Or more properly the (Alexander) Boot:
What comes naturally to most Americans is ‘the pursuit of happiness’ stipulated in their founding document – not the pursuit of beauty or, God forbid, the truth. This has produced the happiest society in the West, and also the least Western. There’s a price to pay for secularism, and in America’s case the most prominent rubric on the bill is aesthetic.
Few Americans stop to think why just about everything man-made in their country is ugly, and even when such a thought crosses their minds they do not gasp with horror. Real life isn’t about beauty.
This vehement (but not unique) rant brings the following thoughts:
- His post got a lot more glasses raised on this side of the Atlantic than one might think, and not just from the Canadians. Europhilia is more strongly rooted in the message people get here in an élite upbringing than many realise. That ethic is buttressed by a simple fact: European countries (and now the EU itself) have strong centripetal tendencies, something any élite would like to see in its own country.

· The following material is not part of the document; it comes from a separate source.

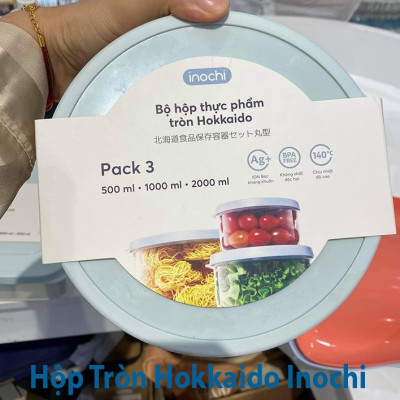Bộ 3 hộp thực phẩm tròn Hokkaido 500-1000-2000ml (Tặng kèm Sticker)- chính hãng INOCHI an toàn tiêu chuẩn Nhật Bản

- Attempts to Europeanise this country via public policy (like this one) will not take root and flourish in the way some would like to think they will. The U.S. has been successful being itself; attempting to make it in another continent’s image and likeness runs the real risk of failure.
- Much has been made of Americans being “better travelled”, but as Boot’s illustration shows, a lot of that money was flushed down the toilet from the standpoint of “broadening”. It’s easier for people to travel physically than it is from the standpoint of learning something you didn’t know before.
Boot’s piece is a rather typical bit of that Canadian indoor sport, sneering at Americans. There is a technical term for articles of this type, same old crap.